Un professeur de droit constitutionnel à l’université de Belgrade, M. Milovanovitch, qui avait pris son grade de docteur à la faculté de Paris, vient de publier un livre fort bien fait et fort mélancolique sur les traités de garantie au XIXe siècle[1]. C’est l’histoire impartialement écrite de toutes les conventions signées dans ce siècle et de toutes les infractions que les signataires y ont faites. Les actes de garantie sont, selon l’expression de l’auteur serbe, « des traités par lesquels une ou plusieurs puissances s’engagent soit à respecter, soit à faire respecter un certain état de choses concernant la situation internationale ou même la situation intérieure d’un ou de plusieurs autres états. » Le garant apparaît comme le protecteur des droits du garanti ; mais la garantie diffère du protectorat en ce que le protecteur exerce des droits de tutelle, tandis que, le garant jouant plutôt le rôle de mandataire, la personnalité d’un petit état ne se trouve point diminuée par l’acte passé à son profit.

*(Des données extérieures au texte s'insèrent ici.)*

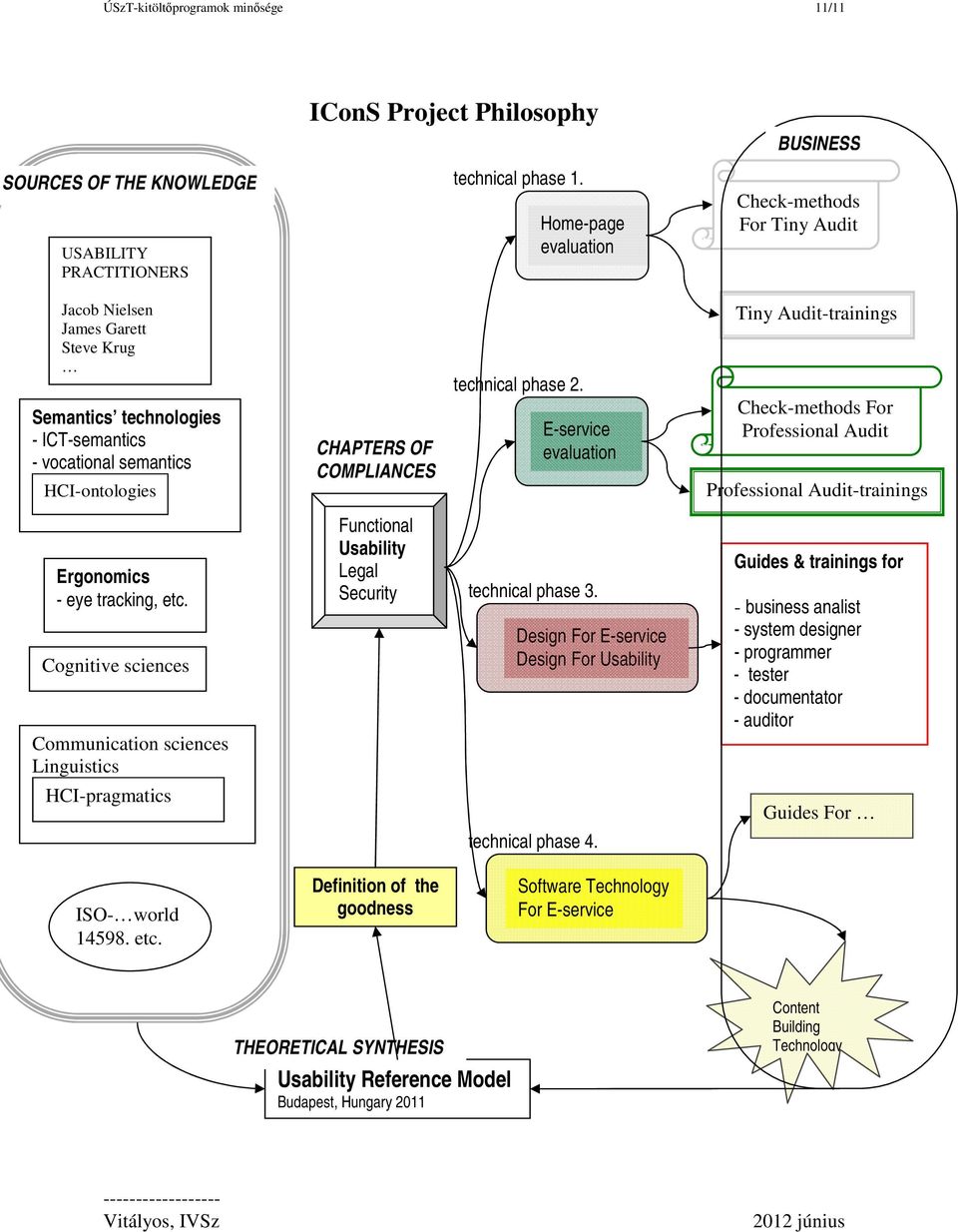 . Semantics technologies - ICT-semantics - vocational semantics HCI-ontologies CHAPTERS OF COMPLIANCES technical phase 2.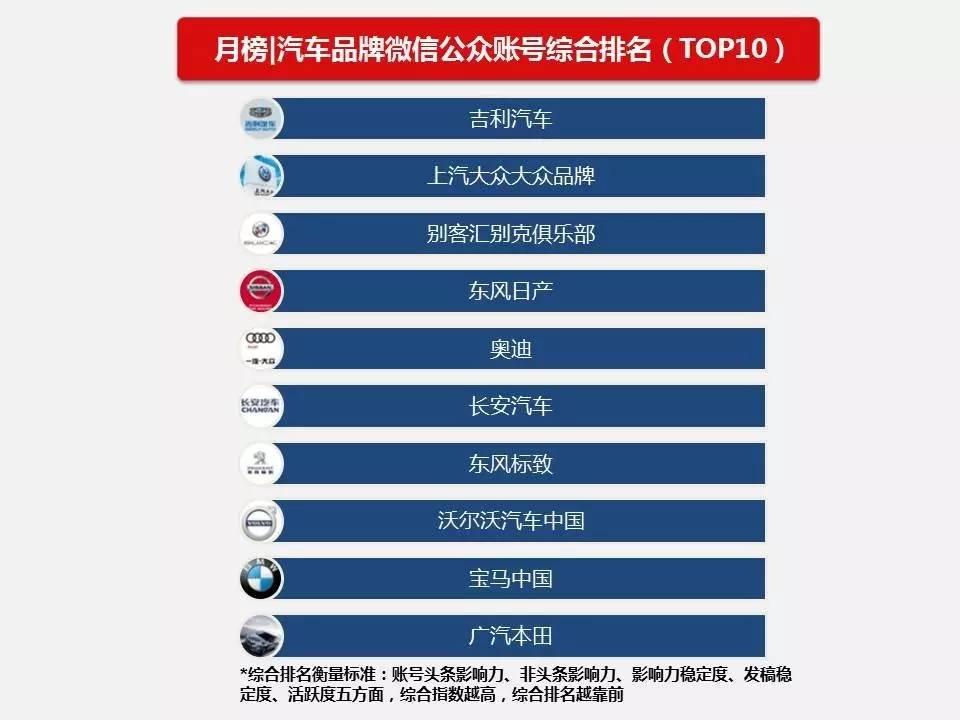 汽车品牌公众号，探索各品牌的魅力与智慧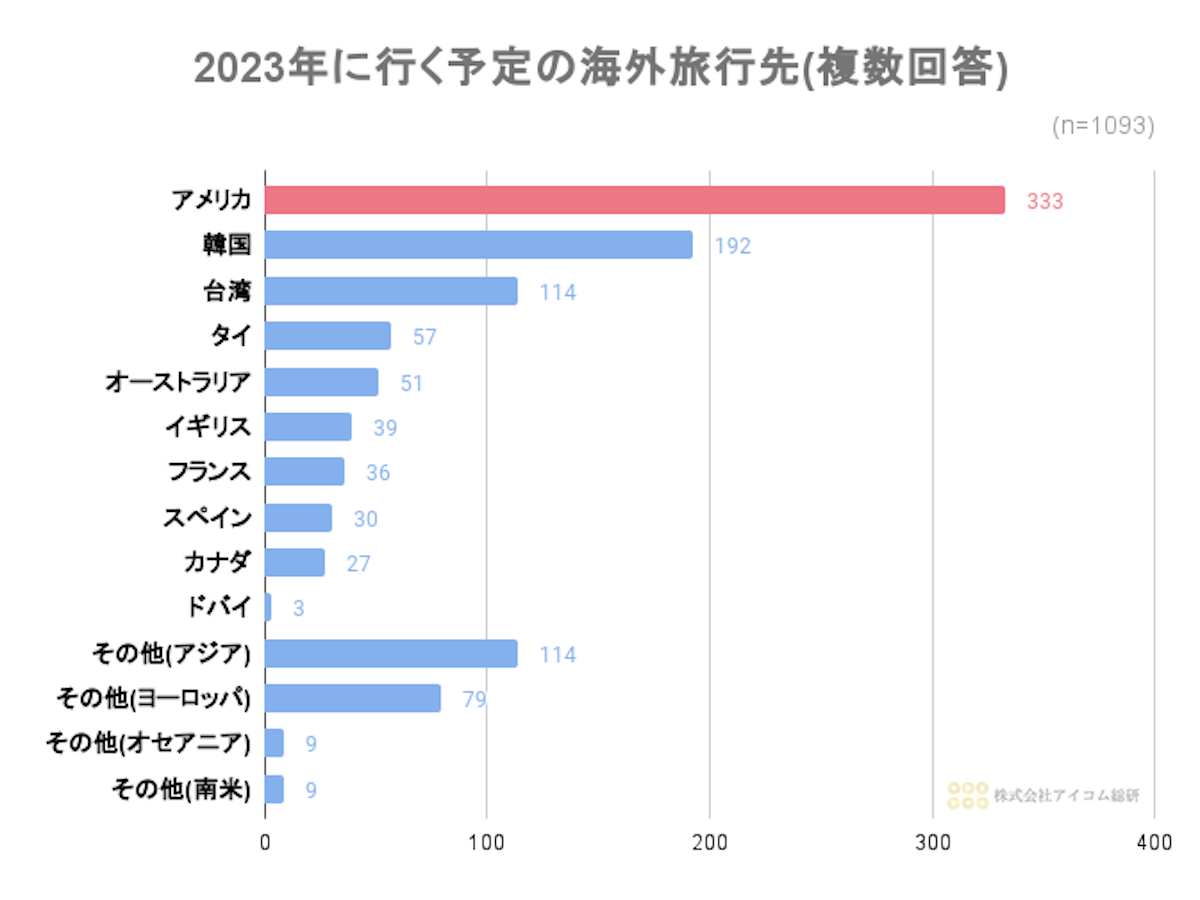 日本人が行きたい国は? 「今年行きたい&行く予定」の海外旅行先ランキング|「マイナビウーマン」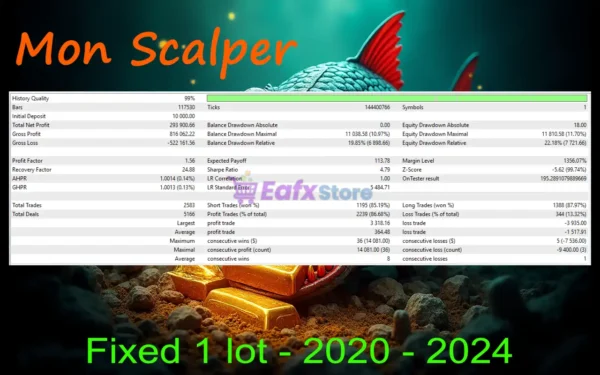 Mon Scalper MT5 Backtest Results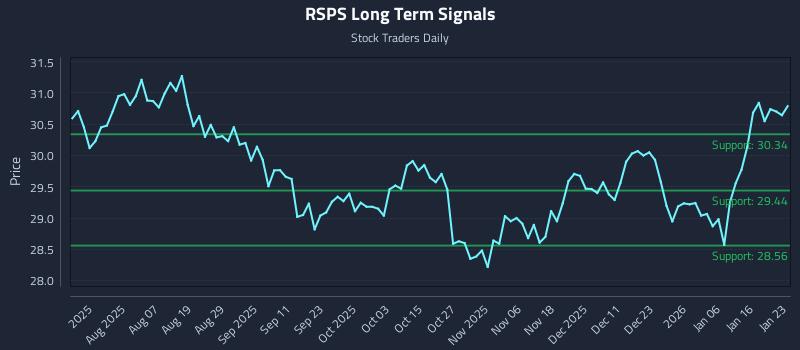 RSPS Long Term Analysis for January 25 2026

M. Milovanovitch divise les traités de garantie en quatre classes, selon qu’il s’agit de reconnaître et d’assurer soit l’indépendance et l’intégrité territoriale d’un état impuissant à se défendre lui-même, soit sa neutralité perpétuelle, soit le maintien d’un gouvernement, soit enfin certains droits politiques ou civils d’une classe particulière de citoyens. Quel que soit l’objet d’un traité de garantie, il ne sera qu’une vaine formalité, un leurre de dupe, si les garans ne se sentent pas tenus par leurs engagemens, s’ils ne sont pas résolus à payer de leur personne, le cas échéant, pour assurer l’exécution du contrat. Ils ont promis de donner aide et secours au garanti, s’il était lésé dans un de ses droits ; quoi qu’il puisse leur en coûter, ils doivent lui prêter main-forte et faire l’acquit de leur charge. Malheureusement, comme le remarque M. Milovanovitch, les états souverains sont leurs propres juges, ce sont eux qui décident jusqu’à quel point ils sont tenus de faire honneur à leur signature ; peut-être leur conviendra-t-il de la laisser protester. Les

  1. Les Traités de garantie au XIXe siècle, étude de droit international et d’histoire diplomatique, par M. Milovanovitch. Paris, 1888 ; Arthur Rousseau, éditeur.